**Material for the task**:
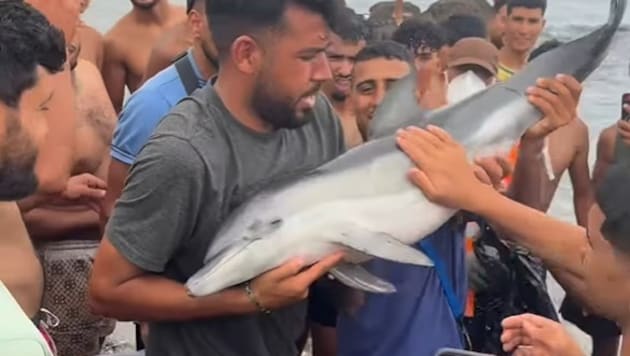 Diese Szenen aus Ceuta sorgen für Empörung.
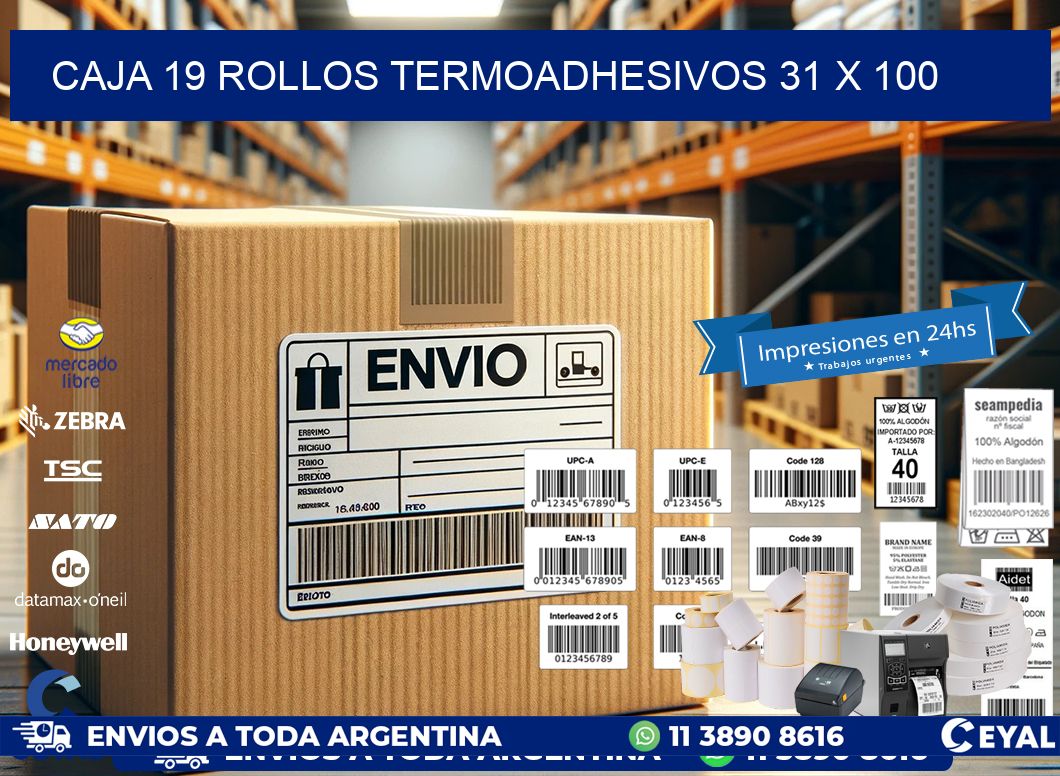 CAJA 19 ROLLOS TERMOADHESIVOS 31 x 100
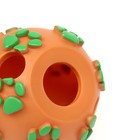 Мячик "Лапки" для собак с отверстиями, 8 см, оранжевый/зелёный - Фото 4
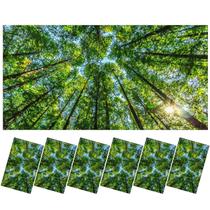 Capas de luz Kittmip Forest 120 x 60 cm 6 peças magnéticas Capas de luz Kittmip Forest 120 x 60 cm 6 peças magnéticas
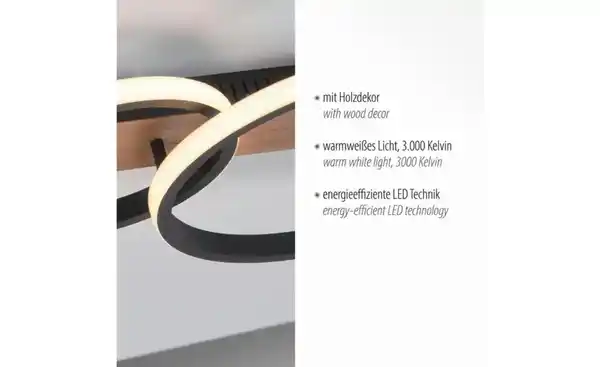 Bild 2 von Paul Neuhaus Deckenleuchte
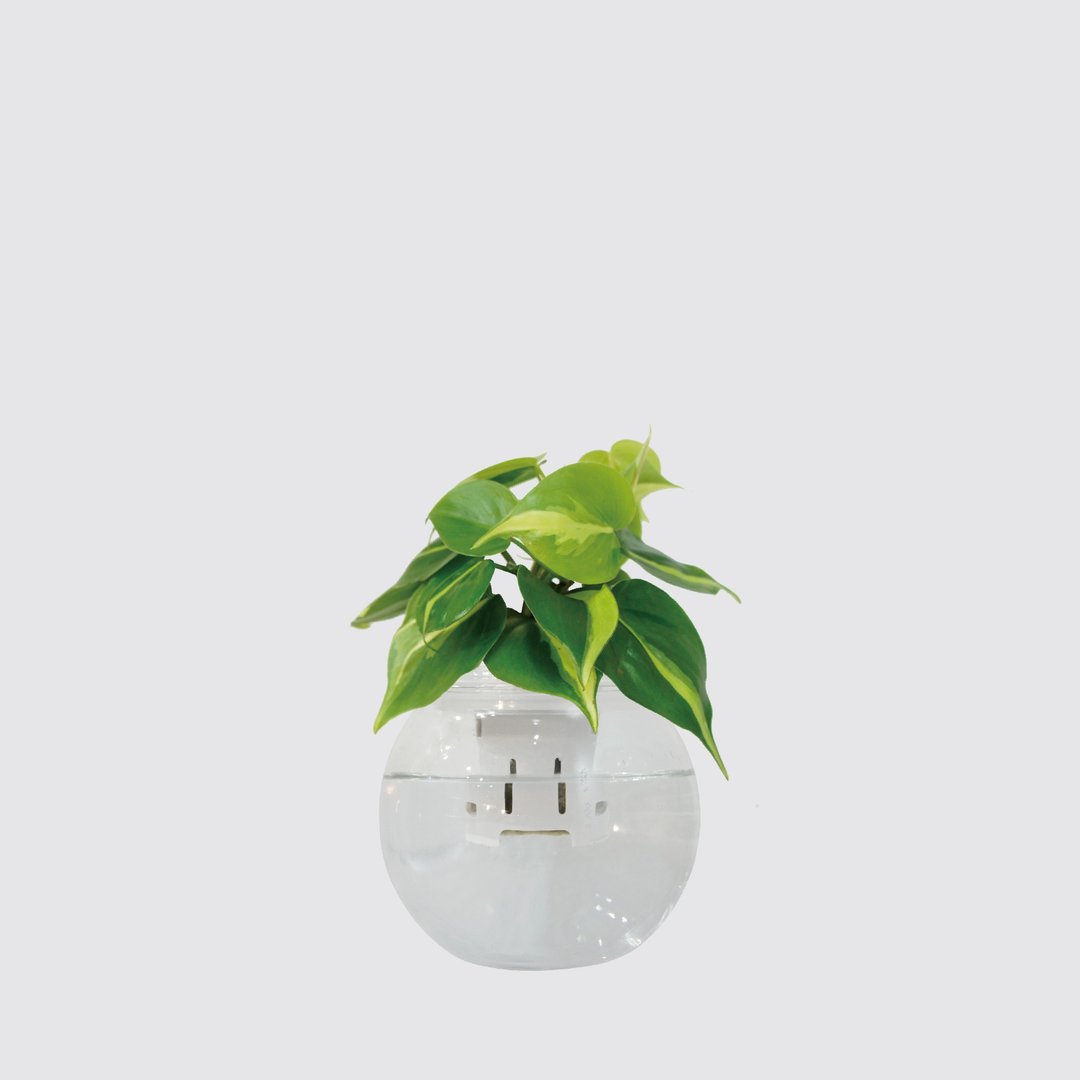 │ 玻璃系列 │ 斑叶桃心蔓绿绒 - 水耕盆栽 鱼水共生 室内植物 - 植栽/盆栽 - 植物．花 
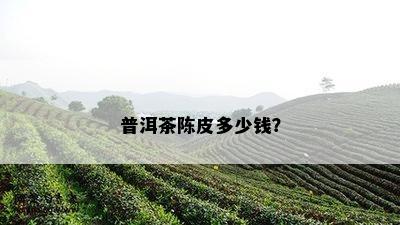 普洱茶陈皮多少钱？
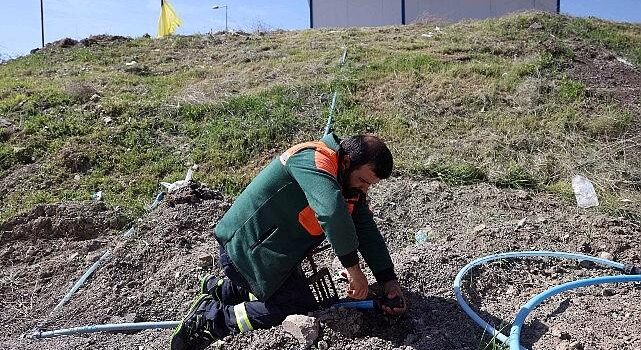 Çankaya’da Kurban Bayramı Hazırlıkları Başladı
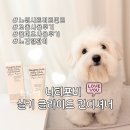 POBI | 보습고민 해결한 솔직후기, 너티포비실키글라이드컨디셔너🫧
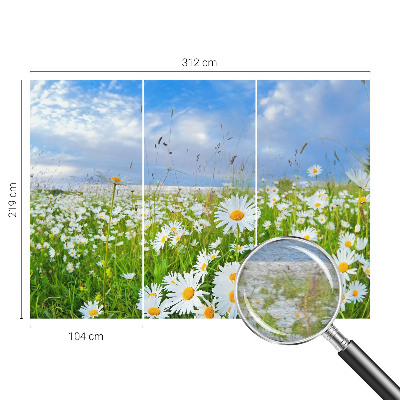 Papier peint panoramique intissé avec le motif « Letná lúka »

**What is required**: Transcribe each entry precisely as given, leaving the pictures out.

**Result below**:
 Diese Szenen aus Ceuta sorgen für Empörung.
 CAJA 19 ROLLOS TERMOADHESIVOS 31 x 100
 Мячик "Лапки" для собак с отверстиями, 8 см, оранжевый/зелёный - Фото 4
 Capas de luz Kittmip Forest 120 x 60 cm 6 peças magnéticas Capas de luz Kittmip Forest 120 x 60 cm 6 peças magnéticas
 Bild 2 von Paul Neuhaus Deckenleuchte
 │ 玻璃系列 │ 斑叶桃心蔓绿绒 - 水耕盆栽 鱼水共生 室内植物 - 植栽/盆栽 - 植物．花 
 普洱茶陈皮多少钱？
 Çankaya’da Kurban Bayramı Hazırlıkları Başladı
 POBI | 보습고민 해결한 솔직후기, 너티포비실키글라이드컨디셔너🫧
 Papier peint panoramique intissé avec le motif « Letná lúka »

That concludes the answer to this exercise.